FC4 slimfast slimfest

Rodd Clarkson rodd at clarkson.id.au
Wed Feb 23 02:05:44 UTC 2005

On Tue, 2005-02-22 at 16:23 -0500, Jeff Spaleta wrote:
>On Tue, 22 Feb 2005 16:13:11 -0500, Daniel Veillard <veillard at redhat.com> wrote:
>>   From a distro user I also think clearly labelled ISO lead to less
>> confusion and also nobody should face
>>     "Installation will need CD1 CD2 CD3 CD4"
>>          "Okay"               "Reboot"
>Clearly labeled? what does that mean exactly?  The only way to be sure
>you have the cds you need.. is to know exactly what is on each cd...
>package by package.  You aren't going to break out things with easily
>digestable labels in such a way that makes sense to everyone.

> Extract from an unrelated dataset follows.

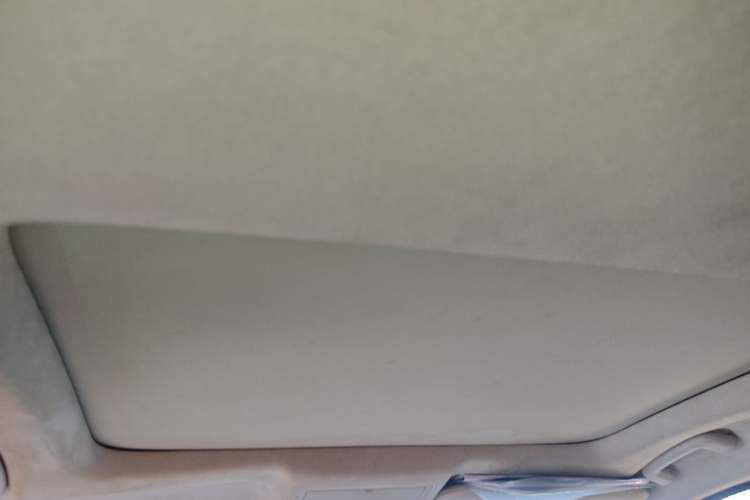 Used Jaguar XFL 2018 XFL 2.0T 250 PS Luxury Edition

I think better labeled disks is a great idea.  disc1, disc2, etc isn't
exactly helpful.  Having core1, core1, gnome, kde, games, devel, java,
etc would be much easier to understand.
>You have a KDE cd  and a game cd... which cd has the kde game you
>want?  Items can and will be intuitive members of multiple simple

Sure, you're going to have some overlap, but in general this could be
solved without too much pain.  For example, gnome-games and kde-games
are, at the end of the day, games so put them on the games disk.  If the
user really wants them and expected them on the Gnome or KDE disk, then
all they have to do is yum install them, so no biggy (as far as I'm
concerned).  I'd much prefer to only have to download half the volume of
four disks (even if it still involved four disks) and then hvae to yum
install a couple of packages (using that tasty GUI yum tool that's
planned) than have to download a whole bunch of stuff I don't intend to
use just for the sake of 'simplicity'.

>You have a development tools cd  and a java cd... which one
>intuitively has the development tools for java? And god forbid we ever
>see a java based game.

Ah, but if you think about java like everything else, then you've really
got java and java-devel.

>The only way to be absolutely sure is to have a mechanism likr say a
>webpage.. people can go to before they download anything.. where they
>run through a mock install-time package selection session and that
>form spits out the isos they 'need'

What a great idea.  A simple but elegant way to solve this limited
confusion where you can go and select the packages you want to install
(in a very similar way to the current installer) and then it tells you
what disks you'll need and maybe even how much of the particular disk
you actually need.

Say for example, you select gnome, OOo and gnome-games.  The installer
*might* tell you that gnome-games is on the games disk but that it's the
only file you need from that disk and that you could just install it as
a  single case after the fact.  While this is a dream case, it could
tell you that you need 90% or core1, 85% or core2, 90% of gnome, 55% of
OOo (who needs all the languages) and 3% of games.  Because so little of
games is needed, it might break down the few packages needed and look at
dependancies (and offer alternative ways to install these few packages).